Corrigan proposed this all-or-nothing approach – either the town and schools consolidate finance departments completely or the town withdraws the support it already provides and the school district is forced to recreate a standalone finance department – in a joint meeting last December. The School Committee rejected it initially in February

At that February meeting, Mercurio said building a standalone finance department was a non-starter. When asked to estimate what rebuilding a full finance department could cost, Mercurio said it cost $200,000 to $300,000.

Committeeman Matt Plain said it struck him “odd” that the status quo couldn’t be maintained. Ultimately, though, he said he wasn’t willing to risk the loss of school funding if the committee were to vote against the consolidation and subsequently had to spend a big chunk of budget money to build a standalone finance department.

“Complete separation would be painful. We have to take steps to stand up, [but] we also have to protect our kids,” he said, adding, “We have over a year’s worth of evidence that they may venture down this path.”

“The Town Council has not explained why we need to go to these extremes,” said Committee member Michael Fain. “I’m not willing to agree to something I don’t think is a smart move.”

Dronzek said he didn’t think the committee needed to make the choice at all.

“We didn’t propose this. We are our own governing body. The town has to force us to change. This is us playing along,” he said. “We should be able to just table the whole thing.”

Plain acknowledged a level of coercion by the town. “The remedy is political,” he said.

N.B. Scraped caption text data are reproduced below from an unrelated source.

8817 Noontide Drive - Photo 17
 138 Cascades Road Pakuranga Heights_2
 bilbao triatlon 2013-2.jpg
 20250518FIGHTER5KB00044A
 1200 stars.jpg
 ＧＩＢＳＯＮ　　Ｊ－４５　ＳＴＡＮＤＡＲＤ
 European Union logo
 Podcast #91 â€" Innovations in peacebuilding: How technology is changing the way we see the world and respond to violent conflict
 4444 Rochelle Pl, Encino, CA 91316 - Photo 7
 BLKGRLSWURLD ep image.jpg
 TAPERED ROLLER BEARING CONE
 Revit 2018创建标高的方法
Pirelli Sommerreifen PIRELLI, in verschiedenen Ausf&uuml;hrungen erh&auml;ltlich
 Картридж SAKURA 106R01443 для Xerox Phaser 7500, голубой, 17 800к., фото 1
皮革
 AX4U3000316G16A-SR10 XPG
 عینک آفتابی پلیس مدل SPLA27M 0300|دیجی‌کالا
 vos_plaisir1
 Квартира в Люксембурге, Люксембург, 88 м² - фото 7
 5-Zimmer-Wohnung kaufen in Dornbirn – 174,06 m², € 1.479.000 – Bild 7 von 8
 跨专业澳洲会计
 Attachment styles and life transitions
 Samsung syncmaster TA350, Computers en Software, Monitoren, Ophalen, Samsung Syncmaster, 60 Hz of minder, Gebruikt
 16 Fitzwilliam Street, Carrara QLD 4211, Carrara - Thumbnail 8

All five seats on the Town Council are up for election in November (as are four of the seven School Committee seats).

“We’ve been backed into the corner for reasons that don’t seem reasonable to any of us…. We’re caught between a rock and a hard place,” said Committee member Lori McEwen. Based on that, she said, she had to go with what the superintendent thought was the best option.

Committeewoman Mary Ellen Winter said the School Committee was in this position because the state Auditor General had to be called in last year because of a structural deficit and changes needed to be made.

Dronzek pushed back, arguing that the council’s decision to cut funding to the school district this year wasn’t helping to solve the deficit. He also argued that the cost savings was not comparable to what the School Committee would be giving up.

The consolidation is projected to save $70,000 in salaries. Dronzek said plans to redo the school department central office would eat into any savings (although the salary savings would extend yearly).

Committeewoman Yan Sun said she thought rejecting the consolidation plan was too risky.

“Our risk is one year,” she said, referring to the walk-away clause if either side decided the consolidation wasn’t working. “On the other side … I see that the risk of complete separation is much higher.”

A motion to table the plan failed 2-5, with Dronzek and Fain the lone supporters.

Now that the School Committee has approved the memorandum of agreement on the plan, it goes to the Town Council for a vote.